Blancos cepillos de cerdas verdes
Jorge Milanes Despaigne
Ella había venido de vacaciones. Su compañía cerró el mes de agosto y pensó en Cuba para disfrutar del sol, la playa y su bella gente.
Preparó las maletas la misma tarde en que cerró su oficina, luego de pasar por la agencia que le aseguró un pasaje de ida y vuelta. «Estuve de suerte» —me dijo— «ahora no es fácil conseguir boletos, allá es temporada alta».
La acompañé por las calles de La Habana, le mostré parte de la historia de la ciudad, monumentos y costumbres de los cubanos, tan afables como ninguno de los habitantes de la zona caribeña.
La primera mañana, casi al saludarnos, me confesó que por la rapidez con que organizó el viaje, olvidó traerse un cepillo de dientes.
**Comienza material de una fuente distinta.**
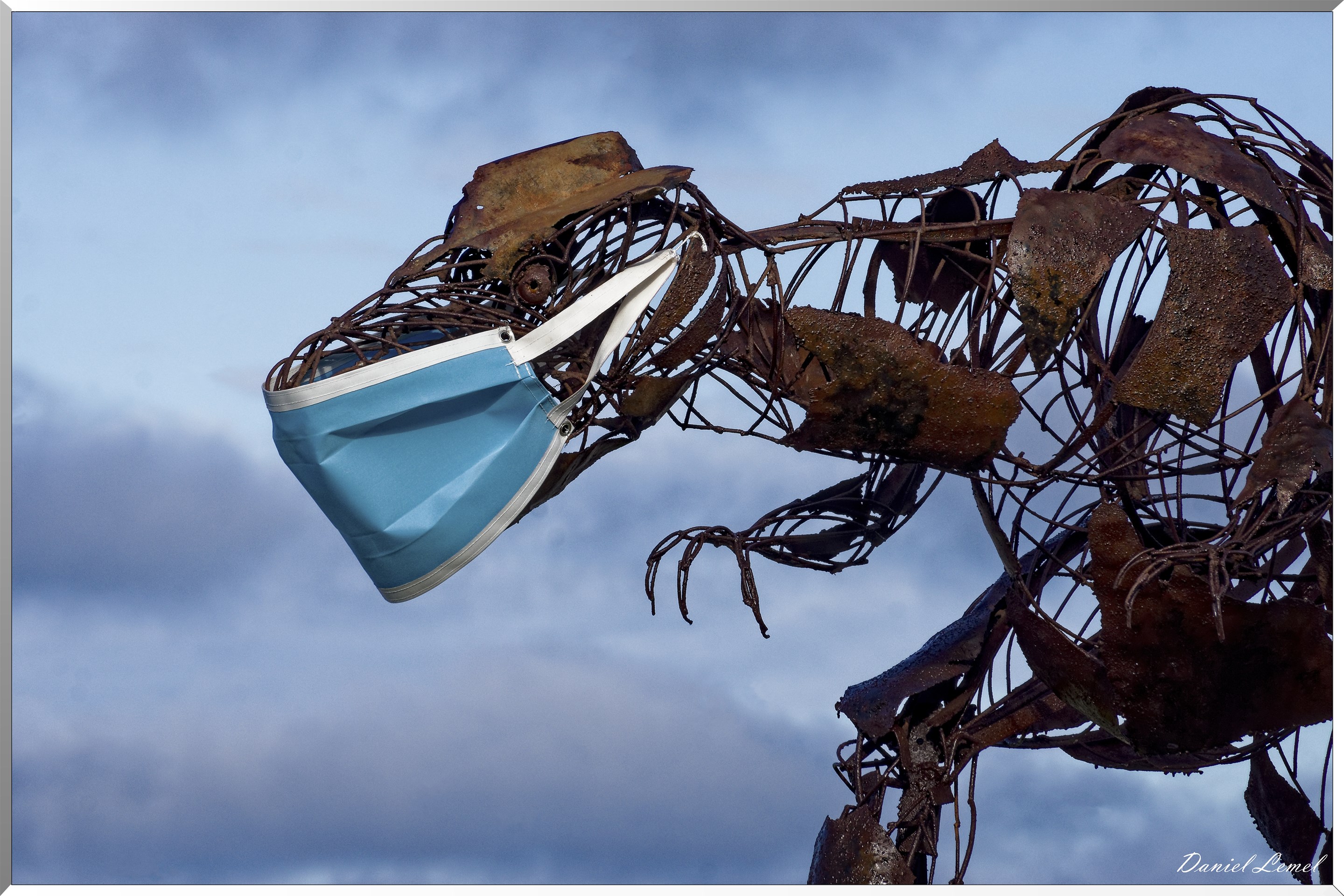 Squelette de dinosaure masqué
Estábamos junto a la Fuente de la India, tan seca que deslucía frente al hotel Saratoga, donde se hospedaba mi amiga.
Dejamos atrás el edificio Capitolio, ahora sometido a una acérrima restauración y entramos a una tienda al lado del cine Payret.
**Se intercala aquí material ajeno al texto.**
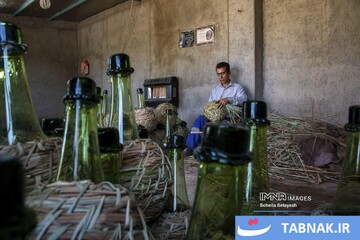 شیشه گری سنتی میمند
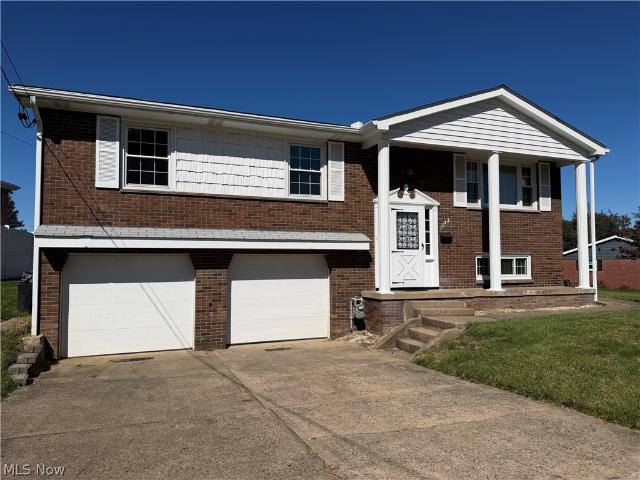 House for sale in Weirton, Brooke County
Tratándose de un lugar tan céntrico, por donde confluyen personas de todas partes del mundo, seguro allí podríamos encontrar un cepillo, pero no ocurrió así.
Nos detuvimos en el Parque Central, evoqué el momento en que alguien se subió a la estatua de José Martí. Ella conocía al prócer de la patria por una novela que leyó en su adolescencia y que aún recordaba…
“¡Allí hay un complejo de tiendas!” —exclamó puestas las esperanzas en la Manzana de Gómez. Intento fallido. Hacía mucho calor. Tomamos un Daiquirí en el Floridita y después bajamos por la calle Obispo.
Anduvimos varios lugares que poseían el encanto de una época pasada y otros expuestos al estupor del presente, hasta que llegamos a una bodega de pesos cubanos que alardeaba con sus estantes semivacíos y paradójicamente, allí estaban los blancos cepillos de cerdas verdes.